• [What the task asks]:
Quote word for word the lines starting at the line with "Bertoncello 977 Roberto" and ending at the final line of the entries. Leave out any pictures.

(Web page caption snippets)
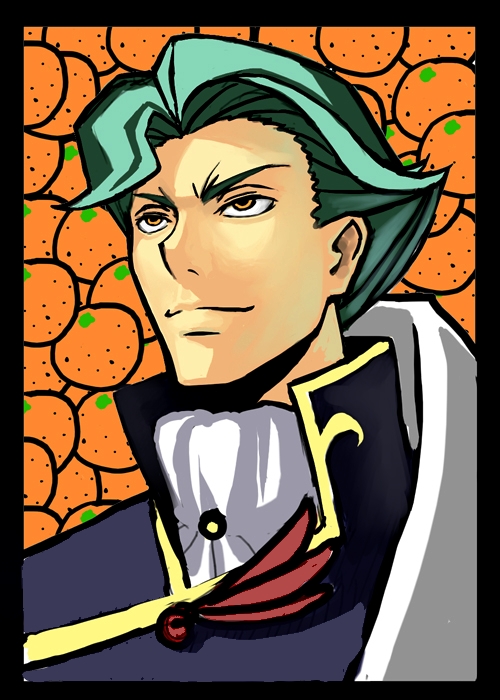 k+, jeremiah gottwald, code geass, 00s, 1boy, food, fruit, male focus, orange (fruit), solo, yellow eyes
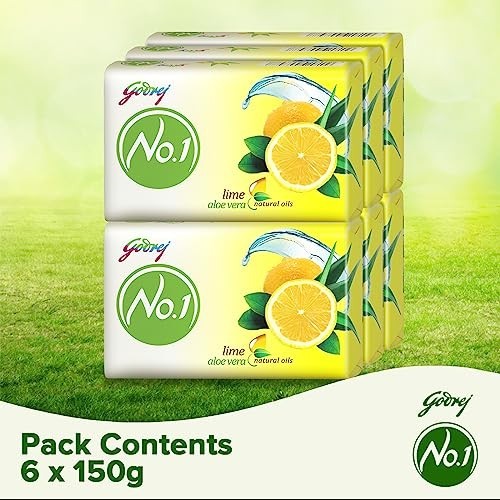 Godrej No.1 Lime Aloe Vera Soap 150g High TFM Grade 1 Bathing Soap Pack of 6 FS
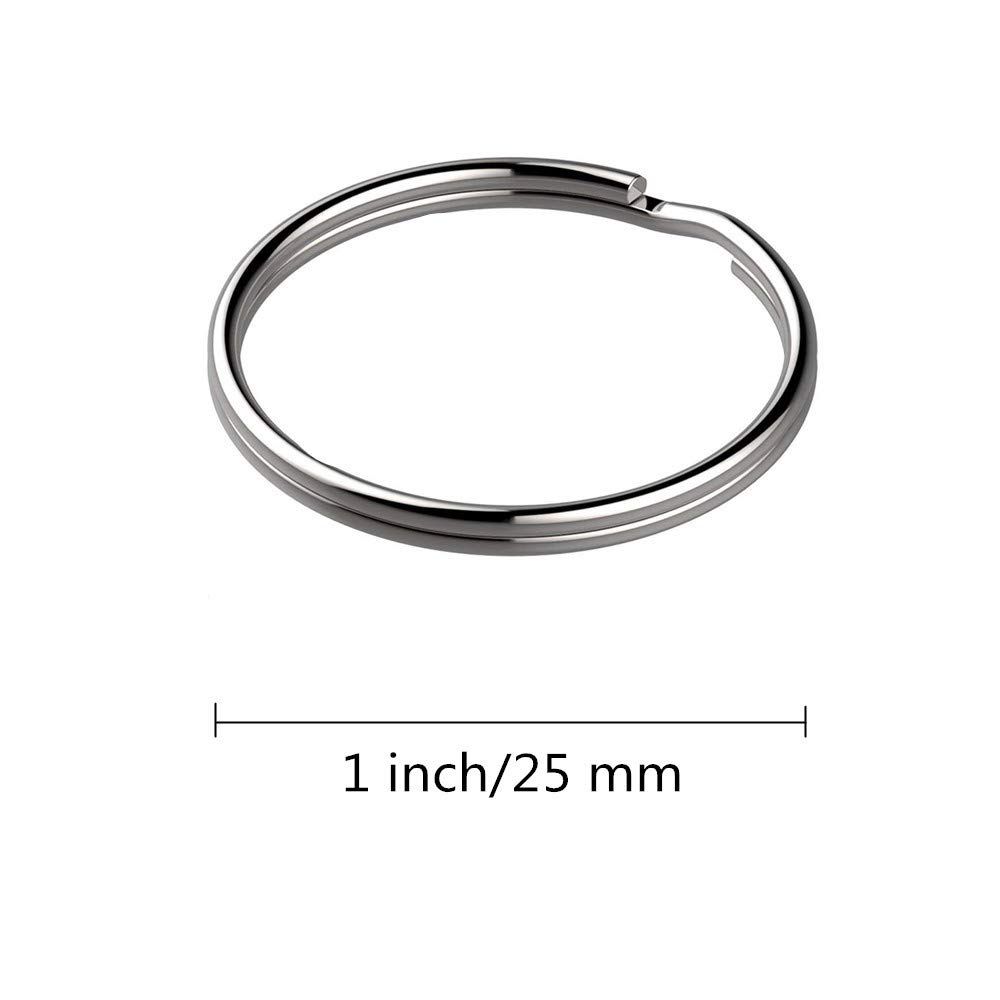 kingforest KINGFOREST 100-Pack Split Key Rings (1 Inch/25mm) - Silver Nickel Metal Keychain Rings for Keys, DIY Crafts, Bags & Accessories - Durable Bulk Keyring Hardware with Smooth Edges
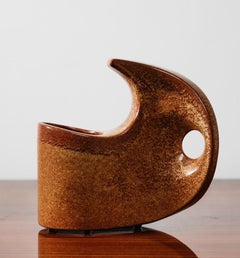 Bertoncello 977 Roberto Rigon Glazed Ceramic Vase D'Arte Anni '70s Design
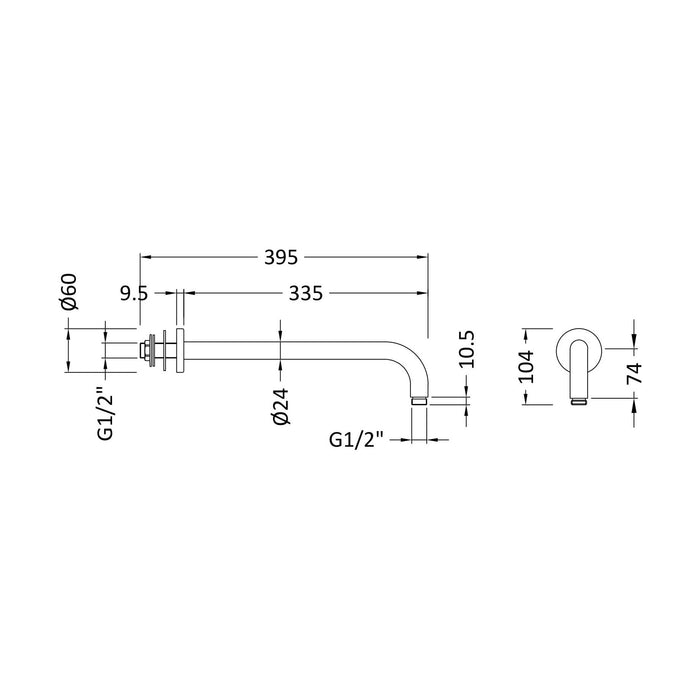 [BSSA701] Balterley Round Wall Mount Shower Arm - 345mm - Chrome - Technical Drawing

• [Finished exercise]:
 Bertoncello 977 Roberto Rigon Glazed Ceramic Vase D'Arte Anni '70s Design
 [BSSA701] Balterley Round Wall Mount Shower Arm - 345mm - Chrome - Technical Drawing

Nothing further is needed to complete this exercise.